Nicaraguan Miskitu Indigenous leader Brooklyn Rivera has been disappeared under the dictatorship of Daniel Ortega for 10 months now and the lack of news coming out of the beleaguered country and lack of interest in Rivera's fate has distressed human rights workers.

Rivera, 72, who fought against the Sandinistas in the 1980s but became an ally of the Ortega regime once it retook power in 2006, has fallen victim to the crackdown by Ortega on virtually every non-governmental institution in the country.

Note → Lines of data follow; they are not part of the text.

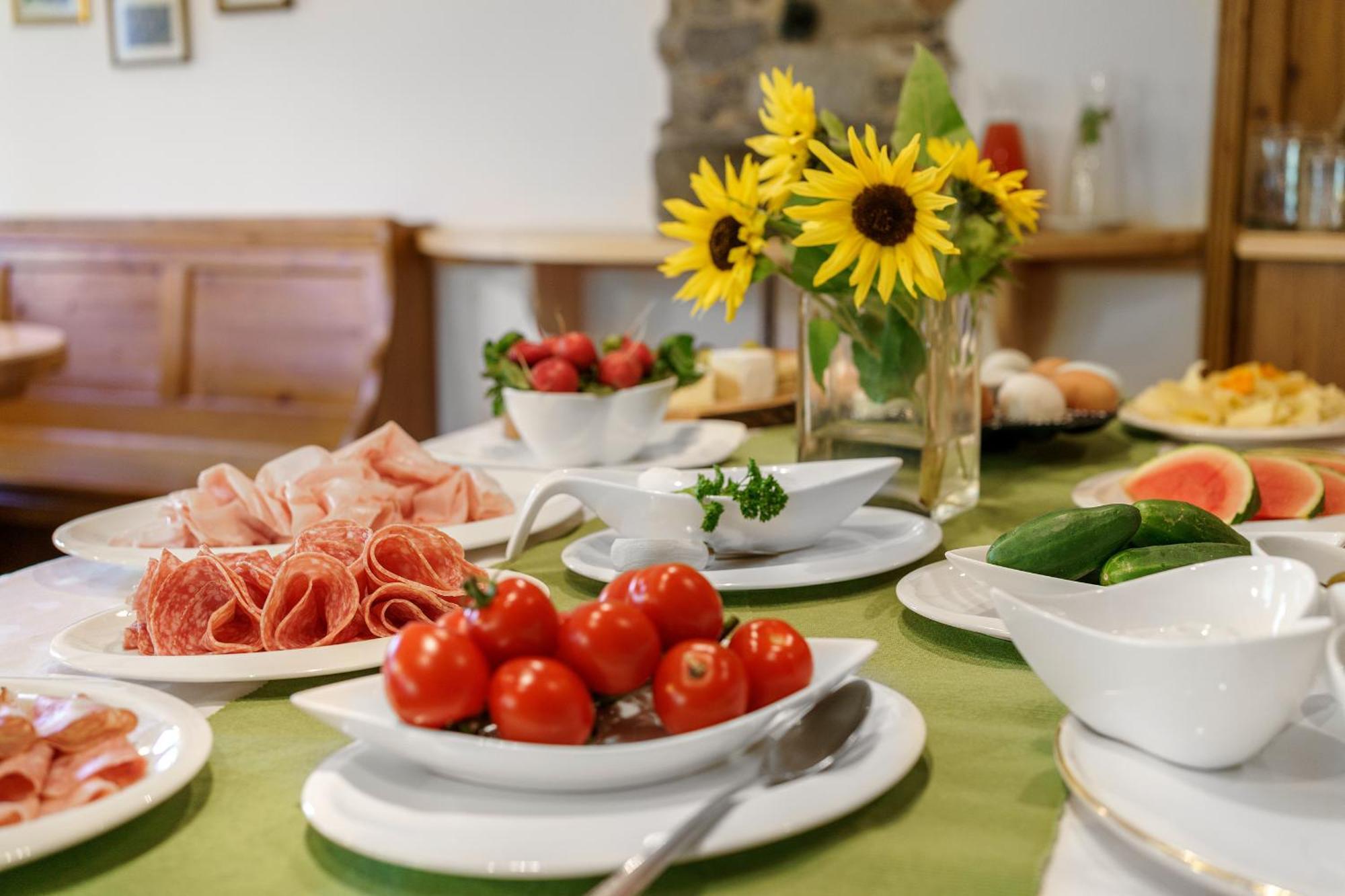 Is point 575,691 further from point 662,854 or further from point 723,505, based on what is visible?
point 723,505

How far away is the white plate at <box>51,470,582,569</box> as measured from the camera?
129 cm

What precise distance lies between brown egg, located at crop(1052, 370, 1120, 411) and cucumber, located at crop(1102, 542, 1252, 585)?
917 mm

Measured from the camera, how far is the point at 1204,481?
4.78 ft

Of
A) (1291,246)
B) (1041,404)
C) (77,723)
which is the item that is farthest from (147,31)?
(77,723)

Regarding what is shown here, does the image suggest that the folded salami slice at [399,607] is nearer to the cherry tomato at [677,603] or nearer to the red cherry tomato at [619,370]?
the cherry tomato at [677,603]

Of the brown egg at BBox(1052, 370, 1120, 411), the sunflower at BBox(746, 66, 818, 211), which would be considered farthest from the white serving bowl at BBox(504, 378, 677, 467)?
the brown egg at BBox(1052, 370, 1120, 411)

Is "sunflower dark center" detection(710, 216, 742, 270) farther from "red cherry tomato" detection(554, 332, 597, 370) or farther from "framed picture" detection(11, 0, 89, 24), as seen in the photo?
"framed picture" detection(11, 0, 89, 24)

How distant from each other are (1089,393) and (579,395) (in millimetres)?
788

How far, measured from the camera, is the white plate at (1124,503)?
1341 mm

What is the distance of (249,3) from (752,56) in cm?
212

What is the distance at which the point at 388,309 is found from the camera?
177 inches

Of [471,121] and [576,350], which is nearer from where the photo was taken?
[576,350]

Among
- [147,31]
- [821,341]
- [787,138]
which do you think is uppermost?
[147,31]

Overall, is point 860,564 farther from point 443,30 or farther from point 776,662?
point 443,30
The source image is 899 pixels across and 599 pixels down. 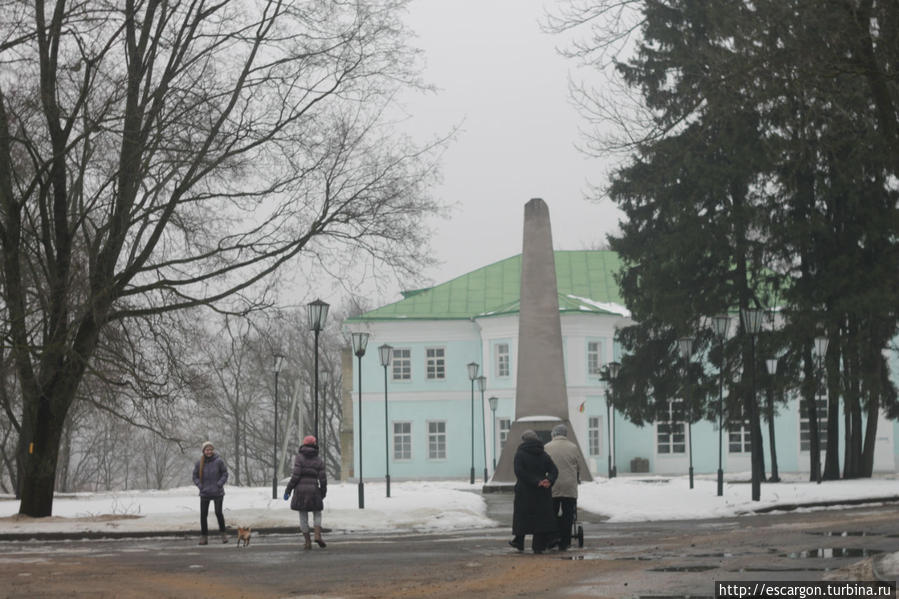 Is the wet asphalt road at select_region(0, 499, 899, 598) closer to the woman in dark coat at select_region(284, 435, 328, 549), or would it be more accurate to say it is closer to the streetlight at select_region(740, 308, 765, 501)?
the woman in dark coat at select_region(284, 435, 328, 549)

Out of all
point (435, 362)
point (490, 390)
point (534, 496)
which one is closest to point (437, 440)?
point (435, 362)

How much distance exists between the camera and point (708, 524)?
20.9m

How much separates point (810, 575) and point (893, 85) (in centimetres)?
633

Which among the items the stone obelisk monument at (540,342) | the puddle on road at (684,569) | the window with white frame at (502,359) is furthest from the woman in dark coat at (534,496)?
the window with white frame at (502,359)

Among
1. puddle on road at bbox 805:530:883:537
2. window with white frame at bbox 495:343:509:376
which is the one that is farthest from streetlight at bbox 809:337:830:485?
window with white frame at bbox 495:343:509:376

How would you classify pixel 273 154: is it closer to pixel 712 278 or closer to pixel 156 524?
pixel 156 524

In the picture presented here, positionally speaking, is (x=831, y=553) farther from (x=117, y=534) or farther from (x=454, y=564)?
(x=117, y=534)

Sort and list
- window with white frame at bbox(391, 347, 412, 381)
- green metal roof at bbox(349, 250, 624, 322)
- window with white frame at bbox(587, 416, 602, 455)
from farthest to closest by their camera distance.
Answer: window with white frame at bbox(391, 347, 412, 381)
green metal roof at bbox(349, 250, 624, 322)
window with white frame at bbox(587, 416, 602, 455)

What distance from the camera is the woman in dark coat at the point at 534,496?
1542 cm

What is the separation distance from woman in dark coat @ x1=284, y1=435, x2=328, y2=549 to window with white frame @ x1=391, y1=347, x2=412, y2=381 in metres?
42.2

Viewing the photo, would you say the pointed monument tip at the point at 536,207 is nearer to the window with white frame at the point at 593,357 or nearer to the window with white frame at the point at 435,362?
the window with white frame at the point at 593,357

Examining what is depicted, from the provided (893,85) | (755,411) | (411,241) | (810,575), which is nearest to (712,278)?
(755,411)

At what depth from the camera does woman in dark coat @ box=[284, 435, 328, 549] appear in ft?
57.6

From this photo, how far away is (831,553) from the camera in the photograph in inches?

"Brooklyn has been disappeared for going on 11 months by a horribly repressive dictatorship worse than any other in Latin America," said attorney Steve Tullberg, who has represented the Miskitu leader in legal forums in the U.S. and Nicaragua. "And the regime gave his deputy [Elizabeth Henriquez] an eight-year sentence after some sort of legal process."

Fellow Miskitu leader Hendy Thomas decried the lack of interest or international pressure to free Rivera. "I hate to say it this way, but if it's not Gaza, no one wants to hear about it," said Thomas. "No one is interested in the Indigenous people of the Americas." Thomas said that he has heard from other Indigenous that Rivera is in Nicaragua's notorious Tipitapa prison.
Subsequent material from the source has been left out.